Ameybrook will add his $.02 since it looks like you're after some genuine feedback.

You say that the JT race bike 'inspired' this build but I just don't see that inspiration in the results. The only resemblances apparent to me are the Easton decal and neon ODI grips.

Besides that, its a pretty standard FRO build. And a confused one at that.


Mismatched shifters
goofy and non-period decal placements (Yeti timeline on the downtube? Golden-era Colorado Flag)
repop tires (which aren't consistent throughout the pictures) 
cheapo brake levers.
Modern headtube badge

It's like you were committed 85% of the way and then just bailed.

Overall it's nicely done, but it could be so much more. But that's my deal, I'm a huge Yeti nerd and there's a way to build them and then there's your way. Hopefully you ride the hell out of it.


----------



## jeffgothro (Mar 10, 2007)

girlonbike said:


> Not knocking you. Just giving you some homework.


I know you wasnt hon...I was just "sayin'".


----------



## digilux (Mar 23, 2007)

Rumpfy said:


> Its a very cool bike for sure. I like it.
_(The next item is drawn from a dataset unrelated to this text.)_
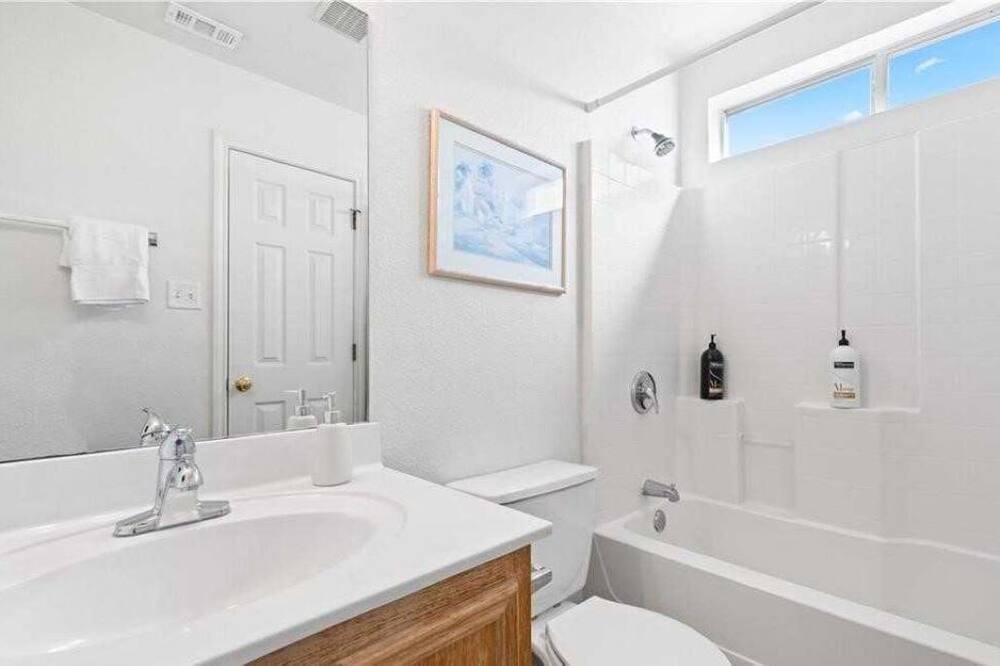 Photo of Bathroom in Killeen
Do you have plans to ride it?


Hi thanks - yes I will take it out for some spinning as soon as possible


----------



## digilux (Mar 23, 2007)

unicrown junkie said:


> Looks fantastic, and I was taken back by the Mavic derailleurs, been some time since I have seen those, plus that XT post.
> 
> Congratulations on getting it the way you want!


Thanks!

Here are some closeups of the lovely Mavics


----------



## digilux (Mar 23, 2007)

rigidftw said:


> congrats on that bike.
> I never caught that yeti buzz, but this should be one of the very few, I'd really like to have a go on.


You are welcomed in to the brotherhood


----------



## digilux (Mar 23, 2007)

ameybrook said:


> Ameybrook will add his $.02 since it looks like you're after some genuine feedback.
> 
> You say that the JT race bike 'inspired' this build but I just don't see that inspiration in the results. The only resemblances apparent to me are the Easton decal and neon ODI grips.
> 
> ...


Thanks Ameybrook, as I have stated the JT area bikes have been "inspirations". It was never intended from my side to make a period correct bike but a build of what I consider hi quality and hitech components. You can say this is a race build out of my head and spine - how I would build it.

regarding your "pinned to the wall" list

Mismatched shifters - If you know your history - suntour was allways the better front thumb shifter - period!
goofy and non-period decal placements (Yeti timeline on the downtube? Golden-era Colorado Flag) - this is plain personal taste - your own build are not either correct ;-) 
repop tires (which aren't consistent throughout the pictures) repro but still Porcs - the one tire on the speedcontroller pic are repro TimbukIIs I did a test with
cheapo brake levers. - What do you say???? come on do you not know Tech Lite levers???
Modern headtube badge - yes they are ultra cool and the slideing yetiman head stcker I have did not fit - it was too large


----------



## digilux (Mar 23, 2007)

This FRO have also been a huge inspiration. It is a picture i took at the NORBA race weekend in May 1990 in Atlanta - Ameybrook - you still havent credited me for the picture on your site! :nono:


----------



## girlonbike (Apr 24, 2008)

You are a hell of a photographer though.


----------



## digilux (Mar 23, 2007)

girlonbike said:


> You are a hell of a photographer though.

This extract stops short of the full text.